» TASK TO CARRY OUT
Of the lines in the material below, print only those from the one containing "Det räcker inte att protestera" to the one containing "Apartments Lara Podgora Exterior photo", ends included, exactly as written and without pictures.

» RECORDS FOR THE TASK
:::

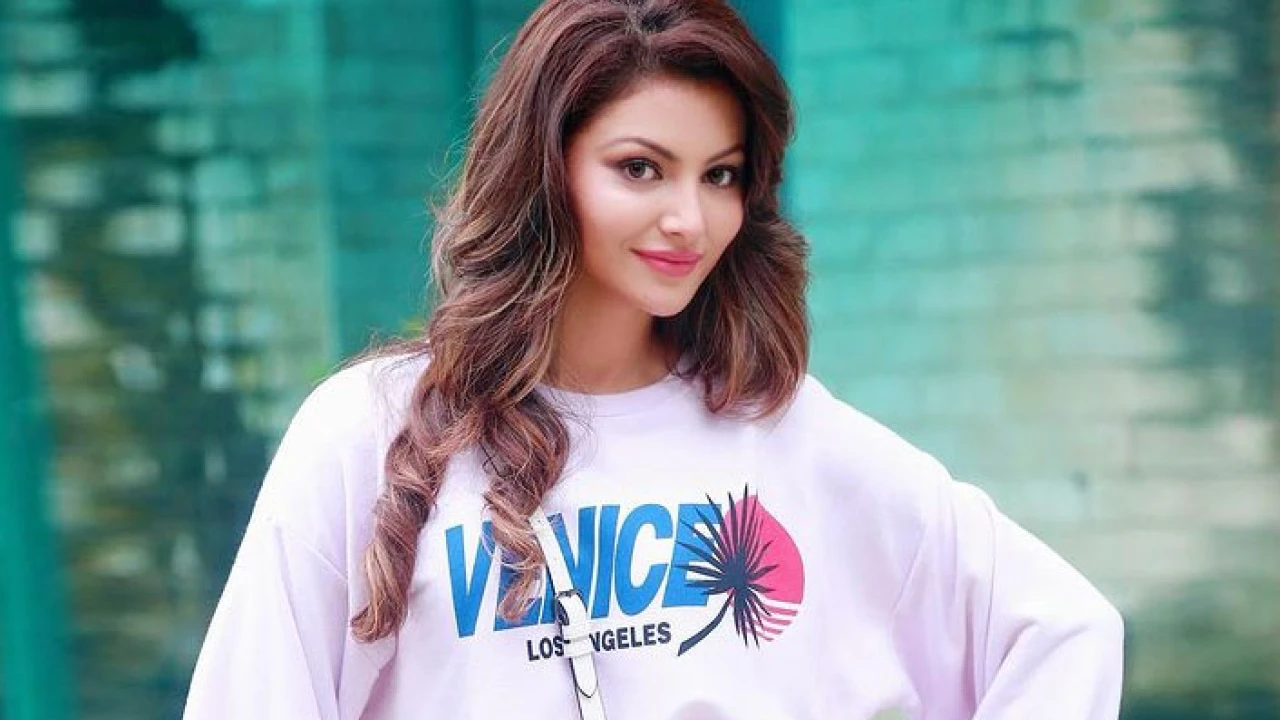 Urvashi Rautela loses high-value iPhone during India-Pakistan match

:::

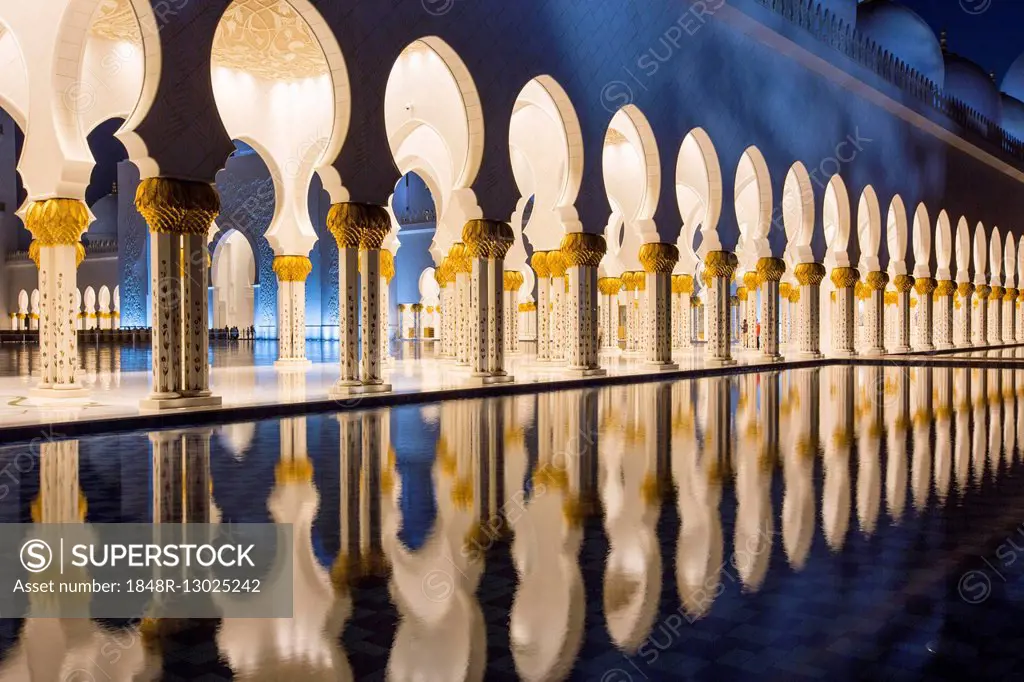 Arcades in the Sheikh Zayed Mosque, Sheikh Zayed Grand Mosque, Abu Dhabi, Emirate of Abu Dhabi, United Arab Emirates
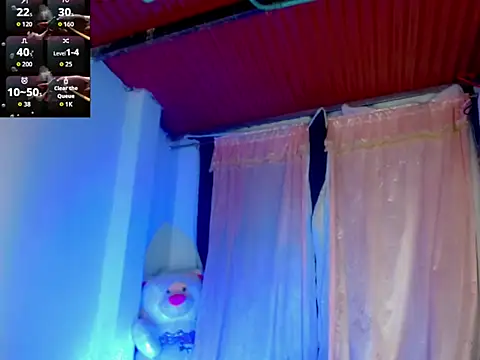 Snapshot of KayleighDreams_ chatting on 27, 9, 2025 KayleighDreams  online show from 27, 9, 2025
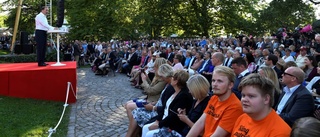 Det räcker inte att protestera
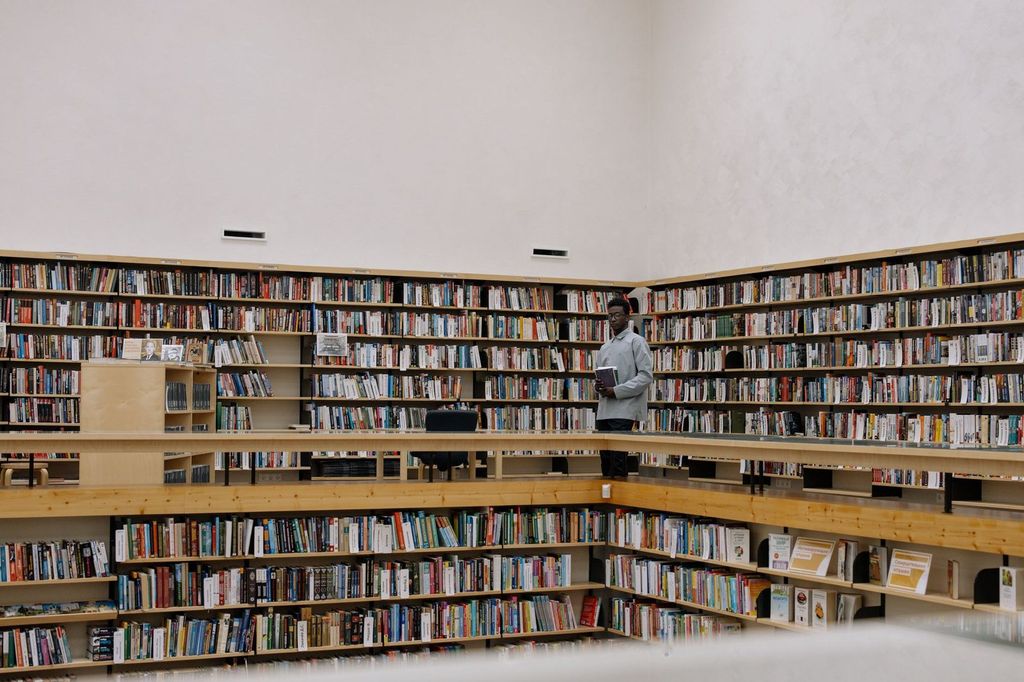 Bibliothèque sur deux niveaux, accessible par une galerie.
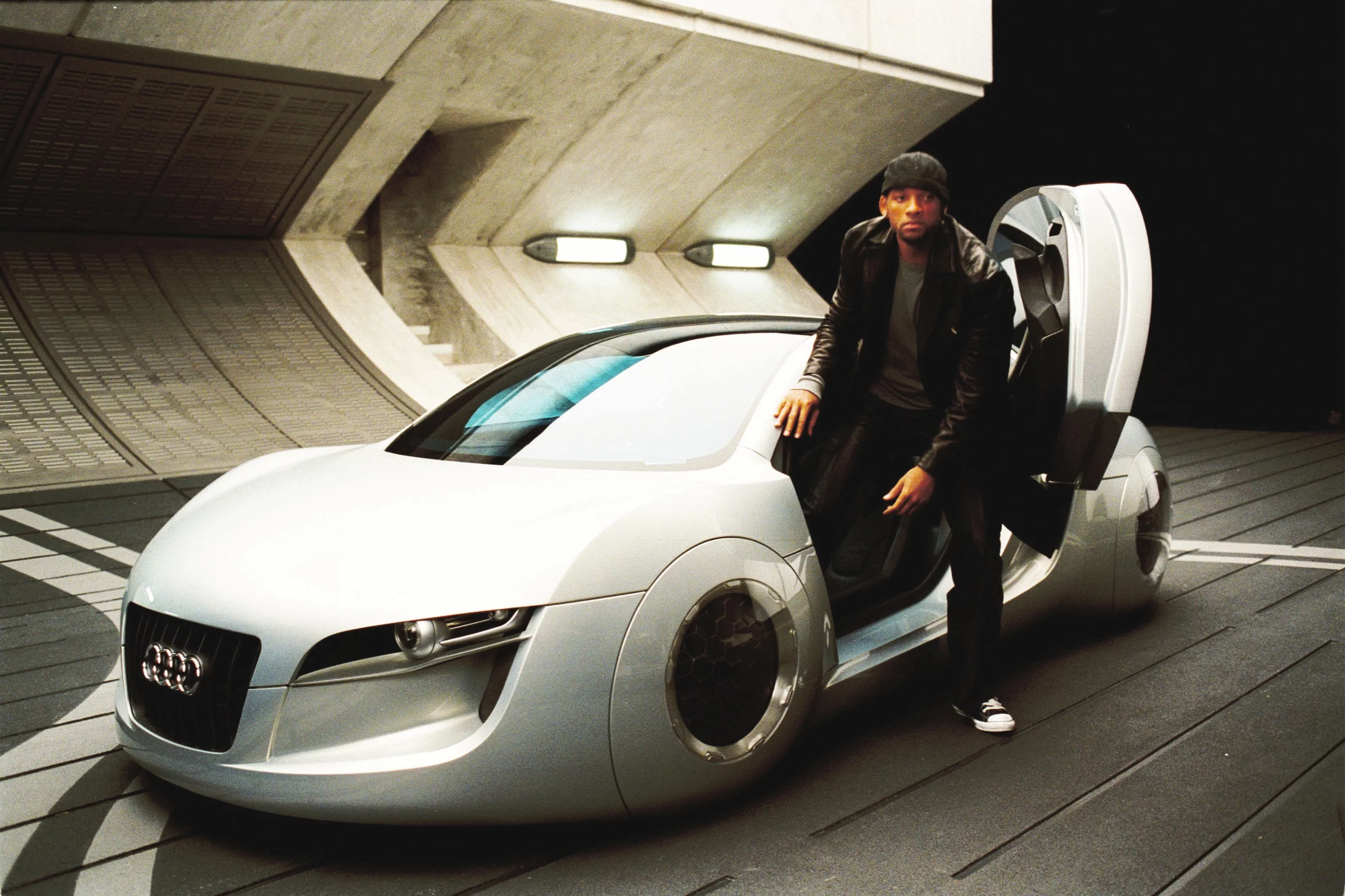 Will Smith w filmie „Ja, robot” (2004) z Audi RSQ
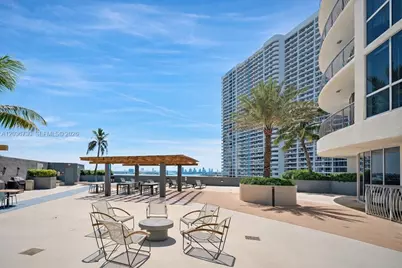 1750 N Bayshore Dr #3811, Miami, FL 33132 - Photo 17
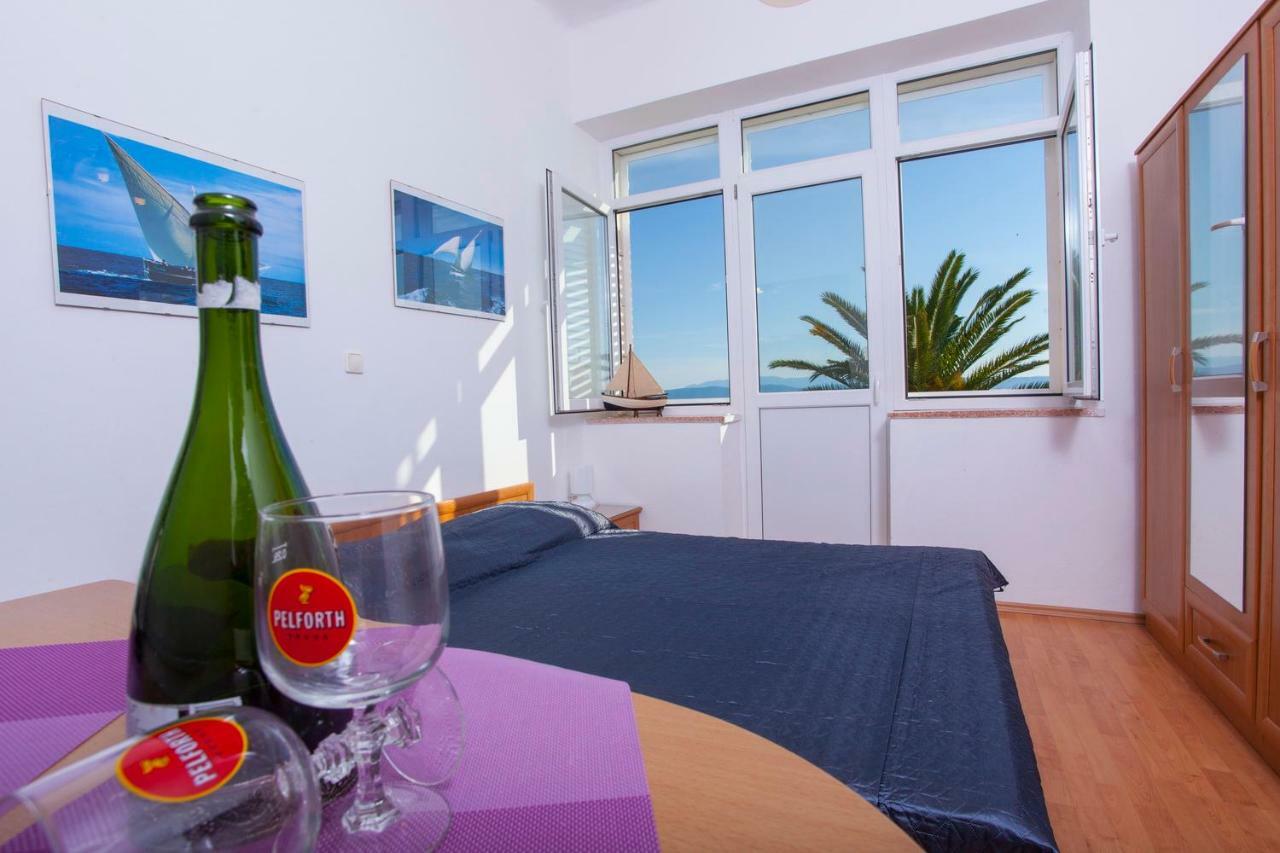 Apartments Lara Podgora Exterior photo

:::

» TASK RESPONSE
 Det räcker inte att protestera
 Bibliothèque sur deux niveaux, accessible par une galerie.
 Will Smith w filmie „Ja, robot” (2004) z Audi RSQ
 1750 N Bayshore Dr #3811, Miami, FL 33132 - Photo 17
 Apartments Lara Podgora Exterior photo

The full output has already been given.